How to do GridSearchCV for F1-score in classification problem with scikit-learn?

I'm working on a multi classification problem with a neural network in scikit-learn and I'm trying to figure out how I can optimize my hyperparameters (amount of layers, perceptrons, other things eventually).

I found out that GridSearchCV is the way to do it but the code that I'm using returns me the average accuracy while I actually want to test on the F1-score.
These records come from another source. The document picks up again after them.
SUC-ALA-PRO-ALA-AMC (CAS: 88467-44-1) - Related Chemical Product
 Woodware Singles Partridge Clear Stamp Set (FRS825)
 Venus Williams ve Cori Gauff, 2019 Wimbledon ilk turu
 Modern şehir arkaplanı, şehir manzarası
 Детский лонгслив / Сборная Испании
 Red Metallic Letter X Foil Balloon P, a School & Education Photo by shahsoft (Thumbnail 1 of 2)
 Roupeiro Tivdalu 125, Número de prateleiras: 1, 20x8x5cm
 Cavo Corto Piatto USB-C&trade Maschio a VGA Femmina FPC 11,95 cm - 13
Does anyone have an idea about how I can edit this code to make it work for the F1-score?

In the beginning when I had to evaluate the precision/accuracy I thought it was 'enough' to just take the confusion matrix and make a conclusion out of it, while doing trial-and-error changing the amount of layers and perceptrons in my neural network again and again.

Today I figured out that there's more than that: GridSearchCV. I just need to figure out how i can evaluate the F1-score because I need to do a research on determining the accuracy from the neural network in terms of the layers, nodes, and eventually other alternatives...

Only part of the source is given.